*Post was originally written on April 4, 2022. You can find a related twitter thread summary here.
Oxy hosted their Low Carbon Ventures day on March 23 and I wanted to highlight some of it given it was one of the first examples we’ve seen of a public company outlining the long-term opportunity related to DAC – scale, economics, business model, funding plan, etc. Materials from their investor day can be found here.
Cost expectations: The Levelized Cost of Capture (LCOC) from the first DAC plant (DAC1) is expected to be $300-425/ton, declining to $250-350/t in 2025-30, and ultimately reaching <$150/t longer-term. Capital costs come from Air Contactors (40%), Centralized Processing (40%), and the rest from Utilities and Infrastructure (20%). Oxy expects 15-20% reduction in LCOC from scaling their plants and see the main areas of efficiency coming from moving air, growing pellets, and process intensification, among other categories.
The biggest hypothesis will be whether Oxy can scale down costs as quickly as they think. The ‘end-state’ vision that many DAC startups and companies call out is <$100/ton LCOC but we have a very long way to go in order to achieve that, especially as these plants represent the first of their kind in terms of the technology at scale (more on that below).
Economic Model: Oxy expects revenue to come primarily from carbon removal credits, policy support, and higher priced oil (relative to peers). Based on their estimates, they think up to ~5 gigatons (billion tons CO2e) of emissions from the hardest-to-abate industries would be economical at $250/ton per credit. They also only plan to only build the plants in areas where policy is support. In the US, the 45Q tax credit is $35-$50/ton and you can also stack it with other tax credits (e.g., State-specific example of CA LCFS which has been trading >$100/ton). They also expect to sell premium priced ‘Net Zero Oil’ and have already struck one deal with SK trading which gave the South Korean refiner an option of buying up to 200,000 barrels a year.
The core part of the economic model from my view is whether they will be able to sell credits at $250/ton and if there will be a deep enough inventory of buyers to buy removal credits at those levels. The voluntary carbon markets (VCMs) are still in their nascency all things considered but currently, there aren’t many mechanisms from preventing buyers from buying the cheapest possible credits.
Pulling from a publicly available dataset (given the fragmented nature of VCMs, one must assume this is a partial snapshot), the weighted average removal price was ~$8/ton in both 2021 and 2020. One can reasonably assume the standards and rigor around quality of removal purchases will improve over time pushing corporate buyers towards higher quality credits (permanence, additionality, verification, etc.) which should push up the price of more scarce, high quality removal credits. However, it shows the current gap between the state of markets and where they need to go.
If you look at lists of durable (100+ years) carbon dioxide removal (CDR) purchases, you’ll see higher prices. This dataset reports an average of $332/ton.

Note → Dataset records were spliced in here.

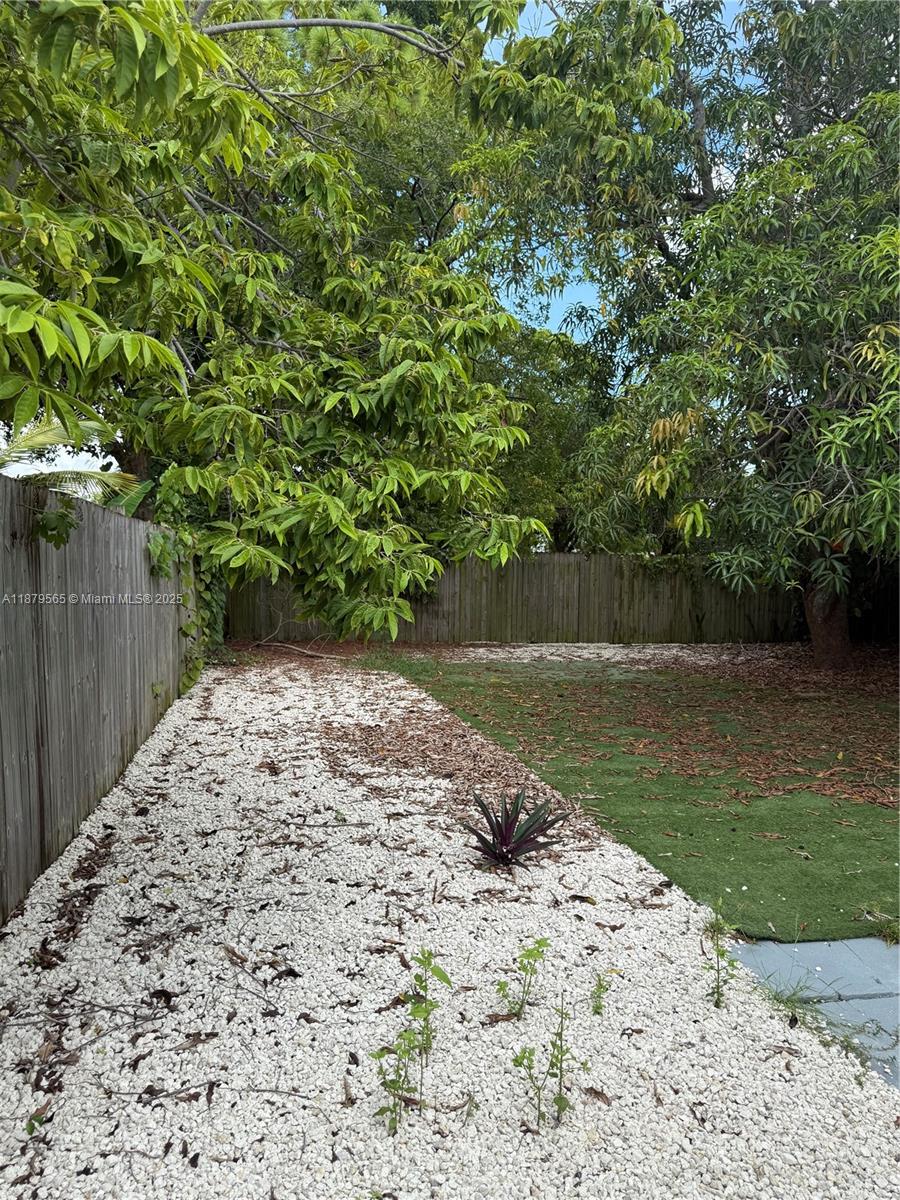 BUENA VISTA HEIGHTS ADDN - Residential Lease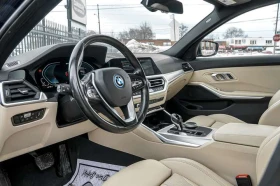 BMW 330 PLUG IN HYBRID | NAVI | CAM | ROOF | CLEAN CARFAX - 22449 € / 43906.43 лв. - 58730860 9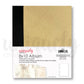 8x10 D-ring Album Kit - Bohemian Escape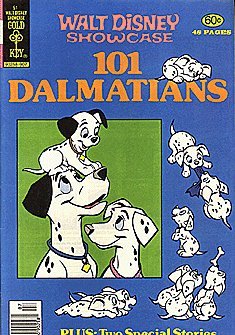 Walt Disney Showcase (1970 series) #51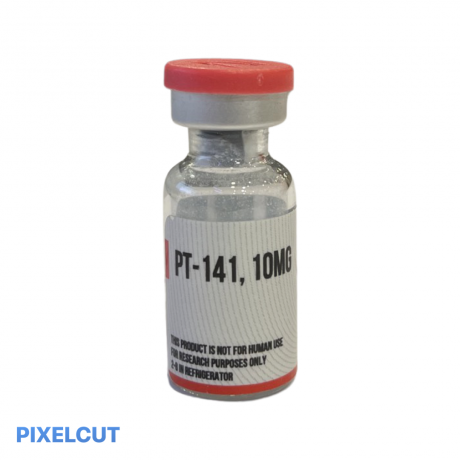 PT 141 Bremelanotide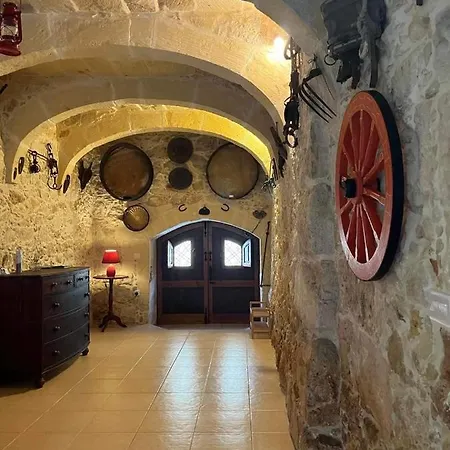 Brooklyn Tatil Evi Zebbug (Gozo)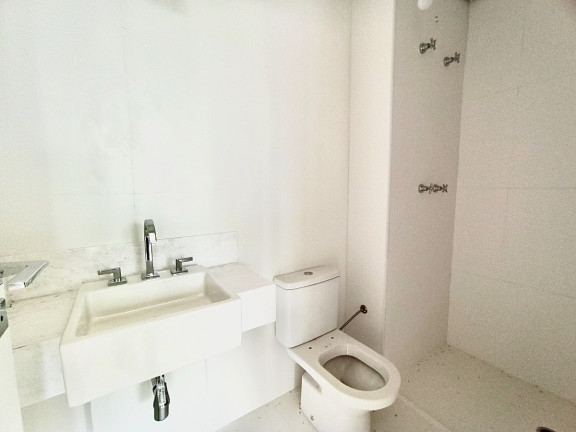 Imagem Apartamento com 1 Quarto à Venda, 32 m² em Vila Nova Conceição - São Paulo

However, many of these purchases are proof-of-concept purchases to help prove out the technology/processes vs. at-scale volumes. This is evidenced by the fact that the market is very small: ~69,349 tons sold, 30 CDR sellers, 12 buyers.
This further emphasizes the importance of the Oxy-Airbus deal.
Scale: OXY plans to have 70 DAC facilities with 1 MTPA capture potential each by 2035 (~1.5% of addressable market) with the potential for up to 135 plants (~2.5% of addressable market). They use the aforementioned 5,000 gigatons segment as their refence addressable market in this case.
In IEA’s recent DAC report, it talks about the immense scale-up we need in DAC but also gives a frame of reference to evaluate how ambitious of a plan this would be from Oxy.
Funding: DAC1 is expected to be $.8-$1.0 billion for the first 500,000 ton per annum train with a construction build-time of less than 3 years and an operating life of 25 years. The plant is expected to commence operations in 2H24. Through 2024, projects will be funded primarily through internal capital, government grants/loans, and strategic equity. From 2025-2030, the funding will transition towards financing through project debt and equity as opposed to deploying internal capital.
Overall, it will be really interesting to see how these next few years play out for Oxy and whether they can get any momentum behind this DAC strategy. This is one of the first examples we’ve seen of a public company investing heavily into a low-carbon business opportunity required for Net Zero pathways but represents an opportunity with significant technical and business model risk. I’ll surely be watching closely to see how their ambitions progress.